Somewhere along the line, Halloween stopped being a neighborhood thing and people started driving kids in from other towns and older and older ‘kids’. Now it’s a huge holiday with Halloween decorations second only to Christmas decorations in sales dollars. Where once it was just Indian corn on the door and scary hand carved pumpkins with candles in them (remember the smell of burnt pumpkin when the candle was too close to the top?) and MAYBE an old sheet draped to look like a ghost, but that would be considered ‘extreme decorating’ at the time. Now it’s fake headstones, expensive figures that stand up to 7 feet tall (Where do people store all this crap?), expensive costumes for adults and kids alike, and all these pre-lit fall/Halloween door and planter decorations. Just go online and look at the Grandin Road catalog or google ‘scary masks’ and check the price ranges – and most of them are intended for adults, not kids. Some places sell these action displays that run into the THOUSANDS of dollars! That’s all a bit much for me. A couple of small pumpkins and a pot of mums seems like enough.

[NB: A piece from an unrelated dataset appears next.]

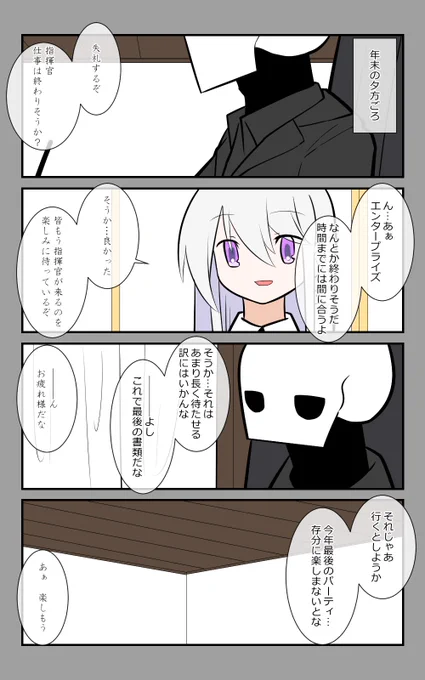 「今年最後のパーティ」編、始まります。
#アズールレーン #アズレン呉6絵描き艦隊 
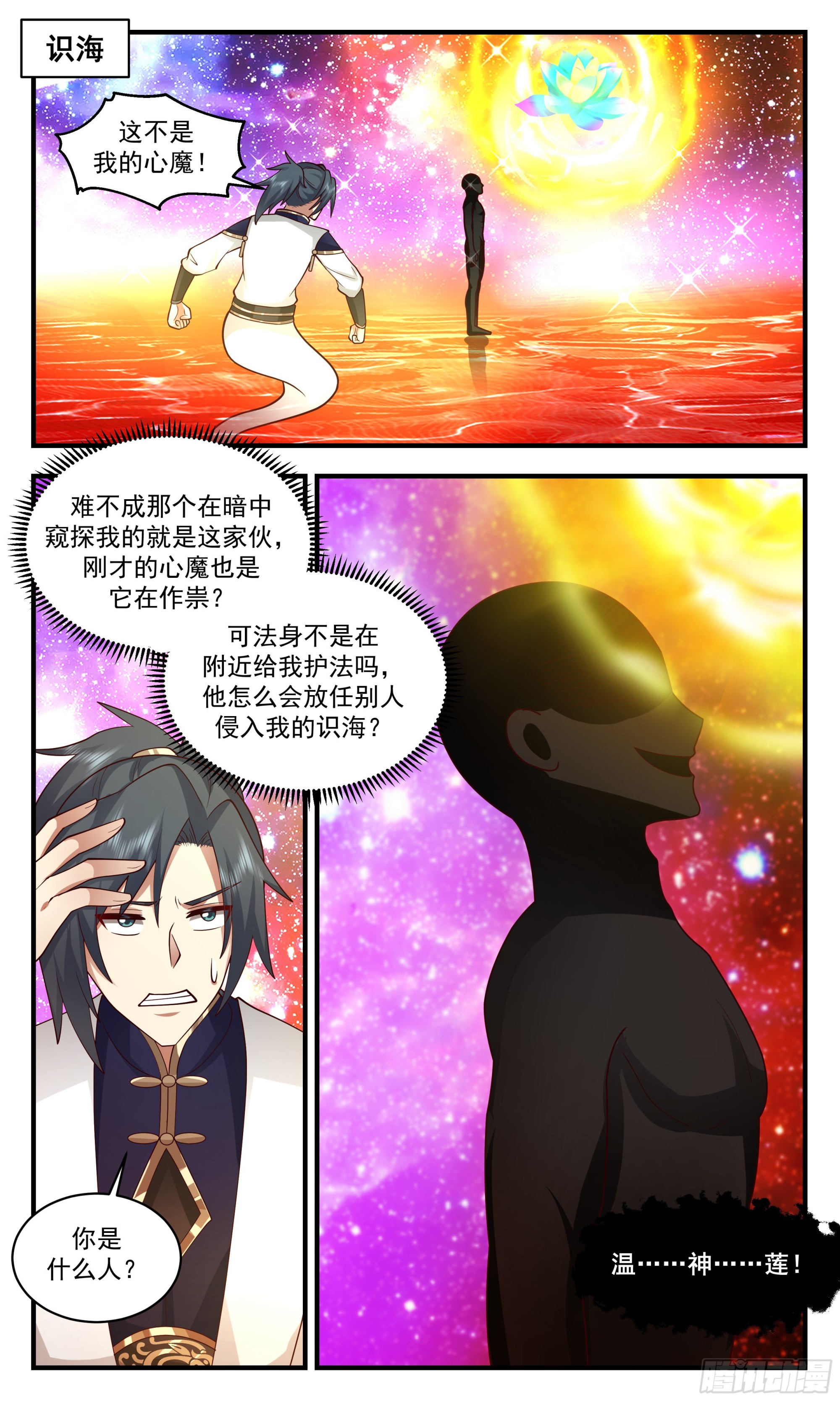 2439 人魔大战篇---不死之身6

Despite my childhood adoration of Donald Duck and the Witch, I’ve never been one to read real horror stories. Oh, I do read a few now and then, and the scariest book I ever read was Silence of the Lambs. I slept with the lights on for weeks – and I was well into my 20’s at the time. To this day I have NEVER watched that movie and I never will. Anthony Hopkins scared the hell out of me in the ads. Abbot and Costello Meet the Mummy is more my speed.

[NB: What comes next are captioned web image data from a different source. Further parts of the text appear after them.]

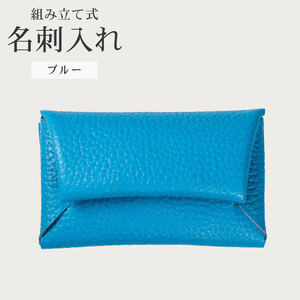 組み立て式 名刺入れ ブルー 名刺ケース カードケース 財布 コインケース お札入れ 小銭入れ 二つ折り レザー 革 ギフト プレゼント お祝い 贈り物 贈答 大阪府 松原市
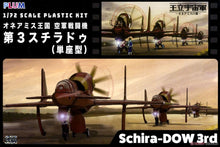 Load image into Gallery viewer, Plum 1/72 Royal Space Force: The Wings of Honneamise 3rd Schira-DOW (1 Seat) PP060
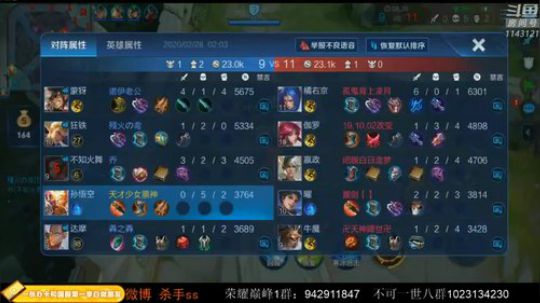ace017发布了一个斗鱼视频2020-02-28
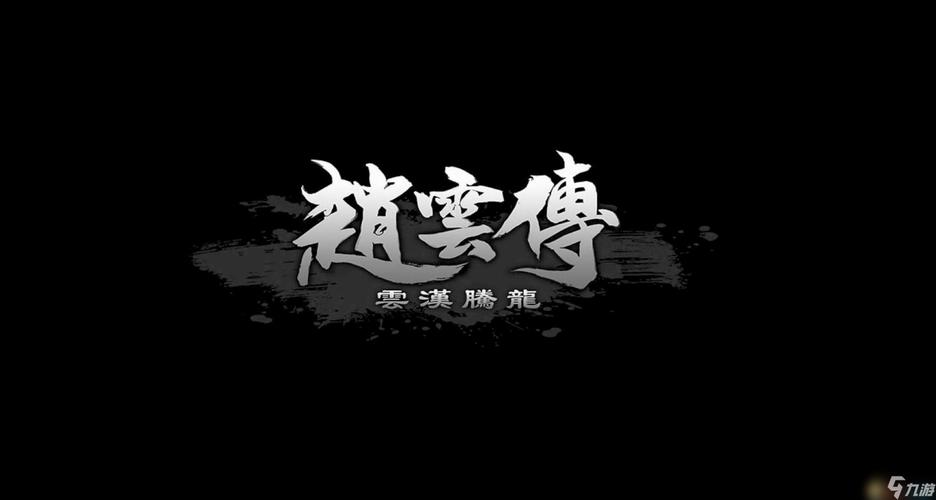 赵云传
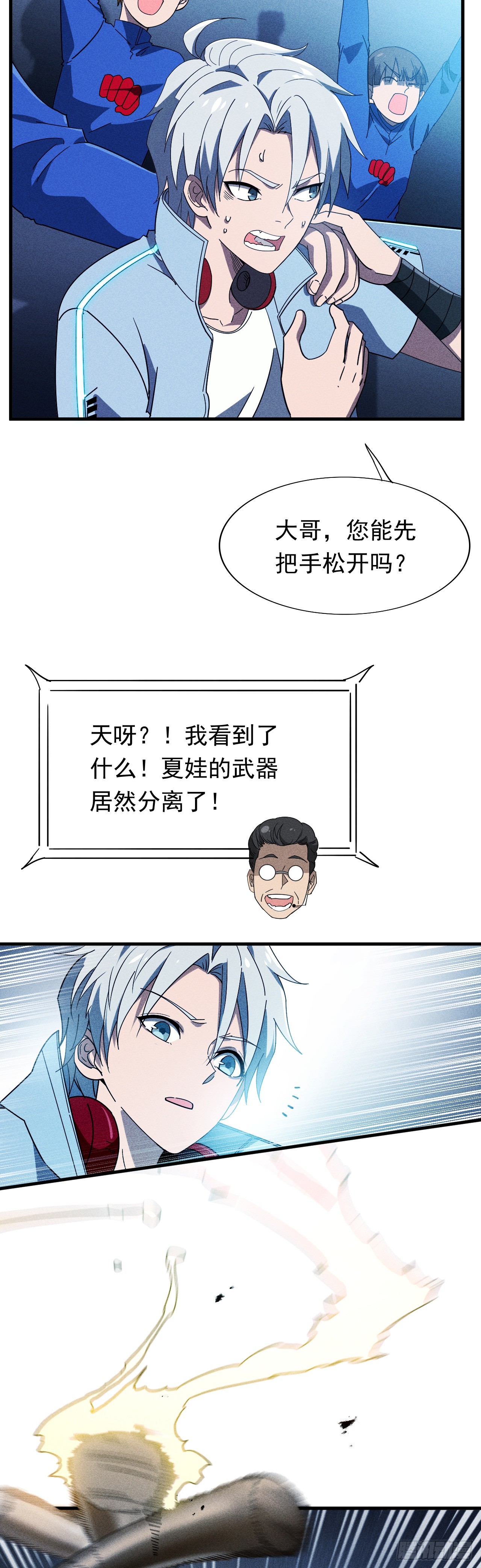 01 戴面具的杀手8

Yes, there are certain things that predispose me to watch a movie or read a book and by now we all know my #1 is – it makes me laugh. That means I’m a sucker for whacked humor, sardonic humor, wise-cracking, you name it. Yup, I like the early Terry Pratchett, Craig Shaw Gardner (You haven’t lived until you’ve had a co-worker pick up his bags and move to sit elsewhere in an airport lounge because you’re reading a book titled “Slaves of the Volcano God” complete with lurid cover.), Carl Hiaasen, early Janet Evanovich Plum books, Shelly Laurenston’s Pack and Pride series, Jennifer Crusie – especially Agnes and the Hitman with Bob Mayer, Julie Garwood’s early books, early Elvis Cole books by Robert Crais, Lindsey Davis’ Falco series and John Maddox Roberts SPQR series give humor a historical note. But none of these are actually humor. They are all other genres that have a sense of humor woven into the story – and often a main character trait. In many ways, it’s the unexpected laugh, the unexpected quip for the take-no-shit hero, or just the character interplay in the middle of a drama that makes it all seem more approachable and real. It’s also why some of my favorite movies are things like Raiders of the Lost Ark, True Lies, Some Like It Hot, and the corny, over-the-top The Great Race (with the BEST pie fight ever filmed – click here) and many others. And yes, I do own the DVD of Abbot and Costello Meet the Mummy and The Great Race. Just go ahead and laugh and get it out of your systems.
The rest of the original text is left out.